Bij dansvoorstellingen geldt eigenlijk hetzelfde als bij voorstellingen waarin de tekst belangrijk is, met dit verschil dat nu de aandacht op de lichamen van de personen op het toneel komt te liggen. De manier waarop de voorstelling dan uitgelicht wordt wil echter wel nogal eens verschillen van de meer tekstuele opvoeringen. Door een andere invalshoek te kiezen worden dan de vormen van de lichamen en hun bewegingen meer benadrukt, zodat deze beter te zien zijn.

De belichting hoeft echter niet altijd uitsluitend de actie op het speelvlak te volgen: een deel van de handelingen kan ook in dienst van de belichting komen te staan, of de belichting kan zijn eigen leven gaan leiden en zich weinig meer van de actie aantrekken. Deze keuzes hebben dan altijd te maken met de aard en de stijl van de voorstelling. Doordat het licht schijnbaar los komt te staan van de rest van de voorstelling kunnen weer andere betekenissen meegegeven worden aan het geheel van de voorstelling. Vaker echter volgt het licht de handelingen op het toneel, bij uitzondering wordt daar van afgeweken.

Wanneer met belichting gewerkt wordt, zullen er onvermijdelijk schaduwen ontstaan. Ook deze schaduwwerking is van belang bij het samenstellen van een toneelbeeld. Schaduwen zijn belangrijk bij het bepalen van afstanden en diepte, en kunnen even gemakkelijk de illusie van een bepaalde diepte oproepen als te niet doen. Wanneer bijvoorbeeld in een voorstelling gebruik gemaakt wordt van een achterdoek dat geschilderd is in perspectief met de bedoeling om de ruimte dieper te laten lijken, en een schaduw van een acteur die voor het doek langs loopt valt er op, dan zal door de schaduw duidelijk worden dat het hier om een doek gaat, en niet om een werkelijk aanwezige ruimte. Met de schaduwwerking moet daarom zorgvuldig omgegaan worden, het risico bestaat altijd dat het publiek het schaduwspel op een bepaald moment interessanter gaat vinden dan de rest van het stuk.
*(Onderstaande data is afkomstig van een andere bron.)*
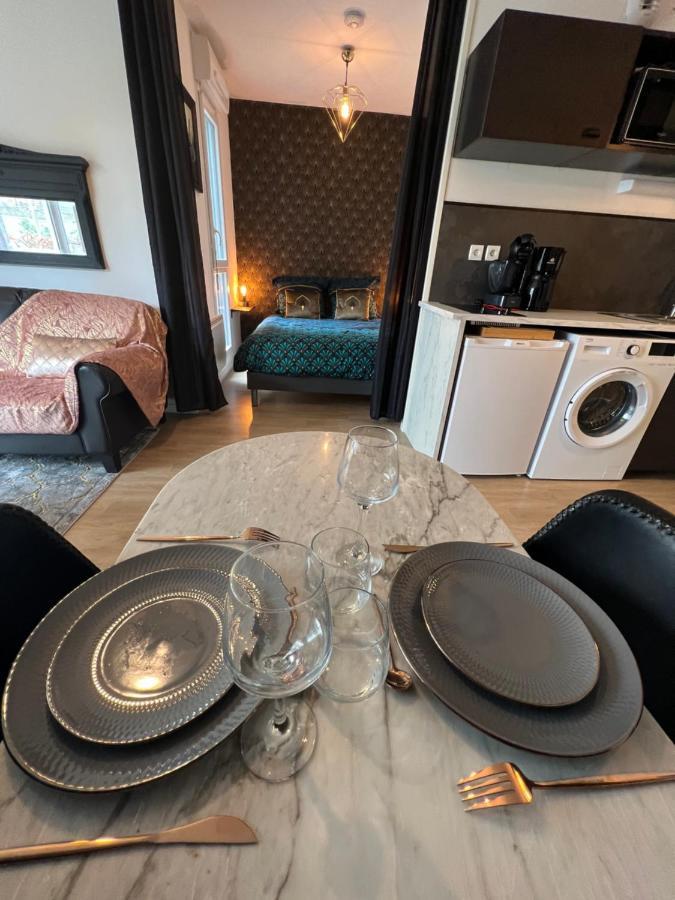 Le Trendy Apartment Cesson-Sevigne Ngoại thất bức ảnh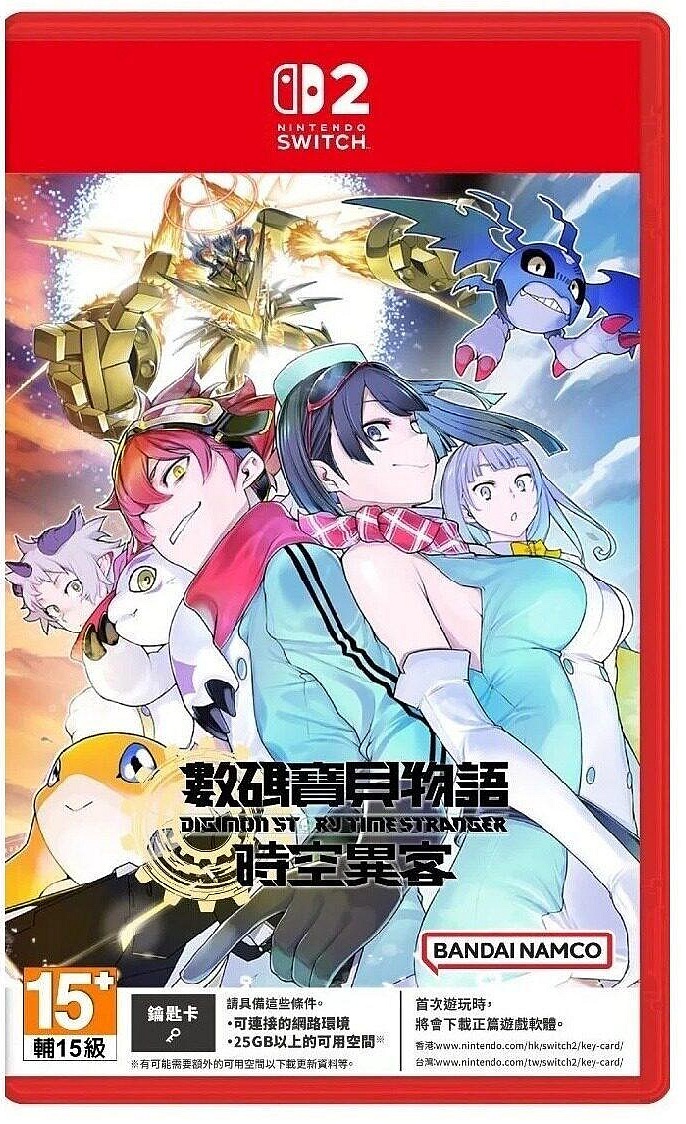 數碼寶貝物語 時空異客                   Digimon Story: Time Stranger｜Nintendo Switch 2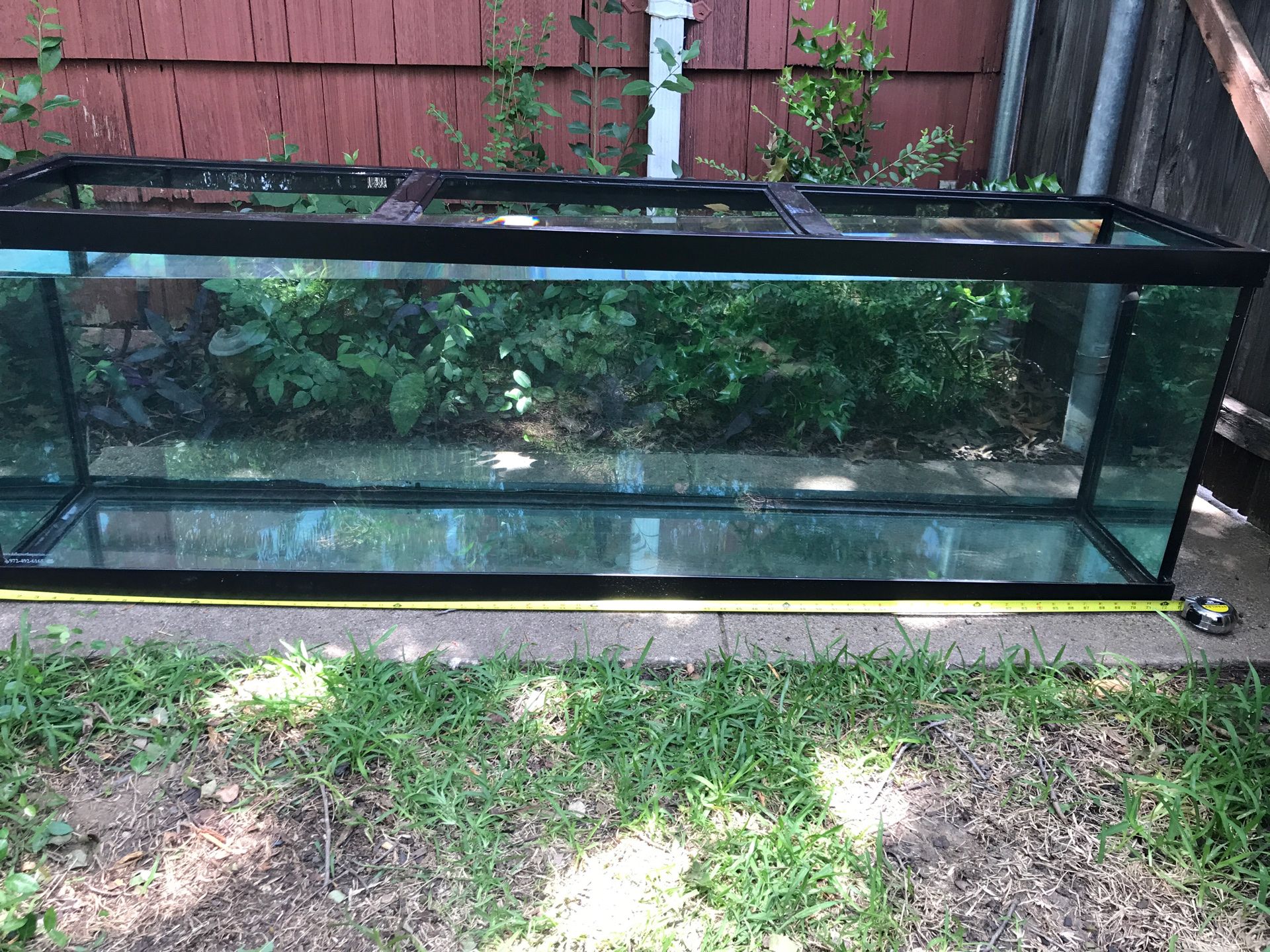 125 gallon Aquarium, Terrarium, Fish tank, Tank for Sale in Fort Worth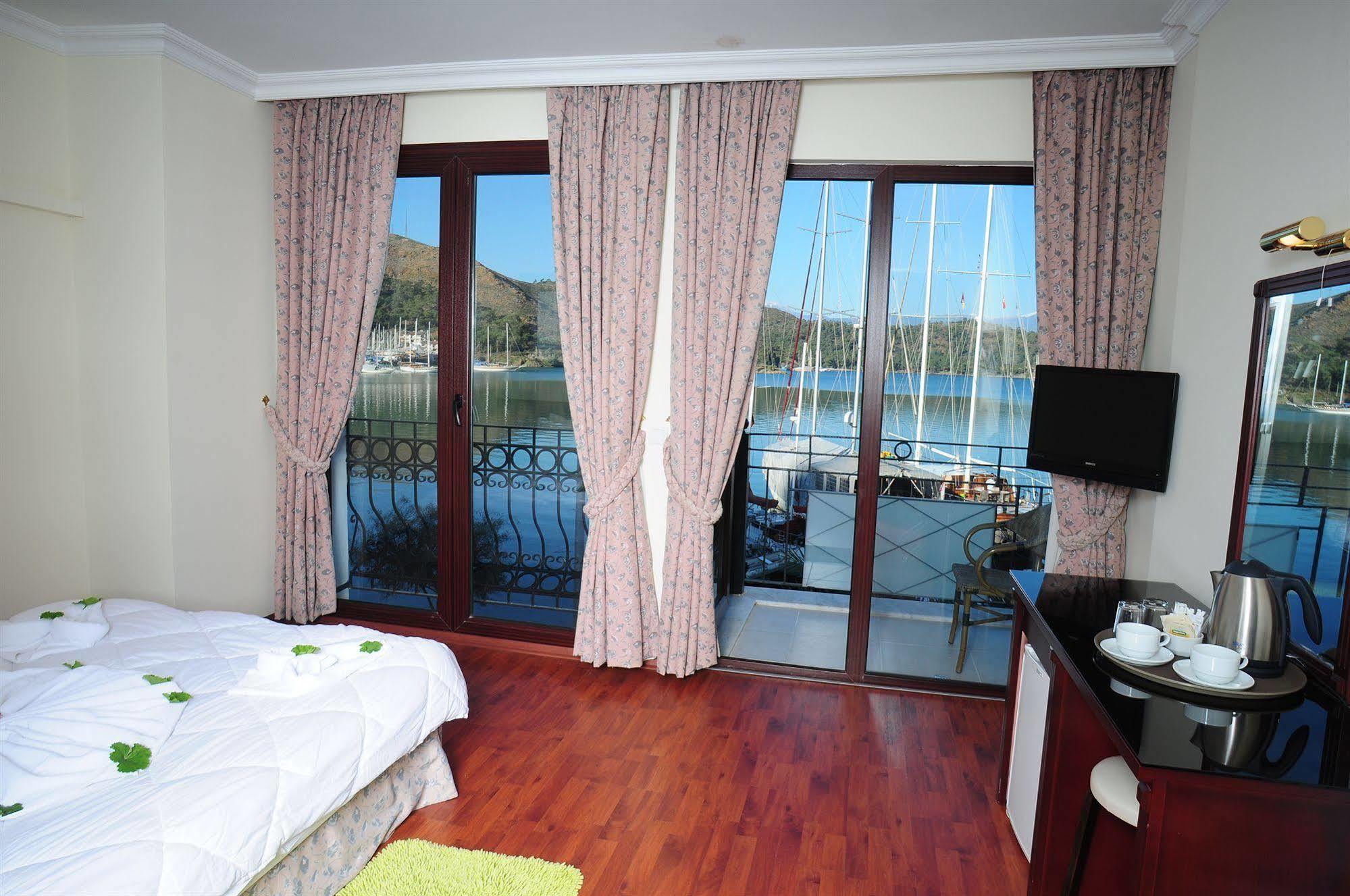 Ata Park Hotel Fethiye Bagian luar foto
Er moet dus niet alleen voldoende licht op het toneel aangebracht worden, ook moet gekeken worden naar de invalshoek van het licht, en daarmee samenhangend, de grootte en de richting van de schaduwen. Bij voorstellingen met een realistisch karakter zal daarom gekeken moeten worden naar een schaduwwerking zoals we die in de ons omringende realiteit terug vinden, bij meer expressionistisch aandoende voorstellingen zal de schaduwwerking juist zo extreem mogelijk gemaakt moeten worden. Vooral het consequent doorvoeren van de schaduwwerking moet goed in de gaten gehouden worden. Eenvoudigweg het hele toneel in het licht zetten, het verlichten van een ruimte in plaats van deze te belichten, kan daarom nooit voldoende zijn.

Bij het maken van een compositie moet er rekening gehouden worden met het feit dat de belichting deel uitmaakt van het gehele toneelbeeld. De andere delen van dat beeld, zoals bijvoorbeeld, decor, kostuums en mise-en-scène, moeten door de belichting ondersteund en versterkt worden. Om te bepalen wat er met de belichting moet gebeuren zal er daarom rekening gehouden moeten woorden met de aan- of afwezigheid van die andere delen van het toneelbeeld. Vaak is het decor één van de meest bepalende onderdelen waar de belichting rekening mee moet houden, in meer algemene zin kan gezegd worden dat de belichting als theatervormgevingselement in eerste instantie vaak rekening zal moeten houden met de andere delen van de theatervormgeving. In dat opzicht functioneert de belichting als een uitbreiding van, een aanvulling op, of een vervanging van de andere delen van de theatervormgeving.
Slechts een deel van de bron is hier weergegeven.